PZU chce wywrócić rynek OC do góry nogami

Nie czekając na branżowe porozumienie, gigant wprowadza bezpośrednią likwidację szkód i zachęca do tego innych.

Największy polski ubezpieczyciel — PZU — pokazuje konkurentom, gdzie jest ich miejsce w szeregu. Na miesiąc przed walnym Polskiej Izby Ubezpieczeń (PIU), na którym branża miała podjąć decyzję o przyszłości bezpośredniej likwidacji szkód, gigant wprowadza do oferty usługę umożliwiającą naprawę auta za pośrednictwem firmy, w której właściciel ma polisę OC. Chce w ten sposób zmusić innych ubezpieczycieli do wdrożenia bezpośredniej likwidacji u siebie. Prace prowadzone w PIU od lipca 2013 r. nie mają szans zakończyć się w tym roku. Część ubezpieczycieli obawia się, że system uniemożliwi im pozyskiwanie klientów, a PZU nie chce, by wprowadzenie nowego rozwiązania się opóźniało.

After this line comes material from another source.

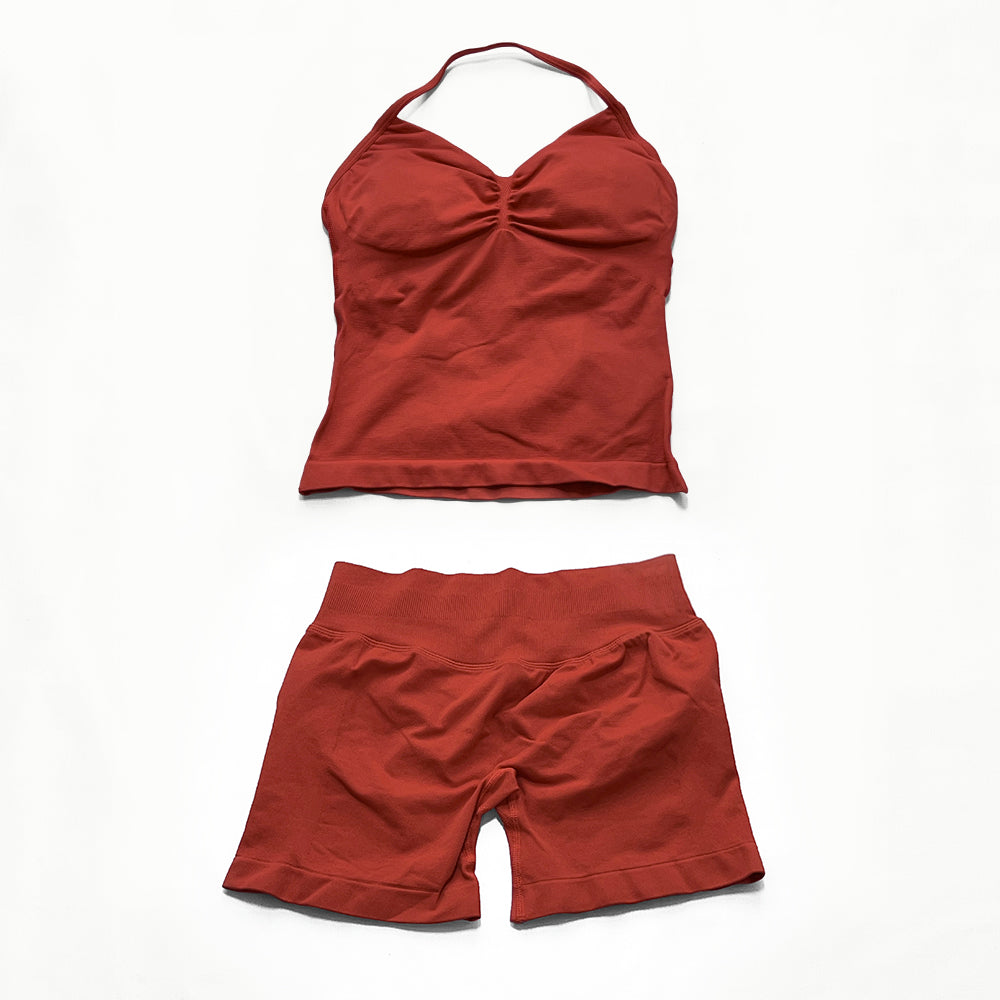 Impact Longline Strappy Top & Short 2 Pieces Set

— Czujemy się odpowiedzialni za wyznaczanie trendów na rynku. Samodzielne wprowadzenie przez nas bezpośredniej likwidacji szkód to próba wywarcia presji na inne towarzystwa. Zachęcamy je do przyłączenia się do nas — wyjaśnia Tomasz Tarkowski, członek zarządu PZU.

Gigant nie jest pierwszą firmą na polskim rynku, która zdecydowała się na samodzielne wprowadzenia bezpośredniej likwidacji szkód do oferty. W ubiegłym roku zrobiła to Warta i należący do grupy VIG Polska Interrisk. Zrobiły to jednak po cichu, a PZU — z przytupem.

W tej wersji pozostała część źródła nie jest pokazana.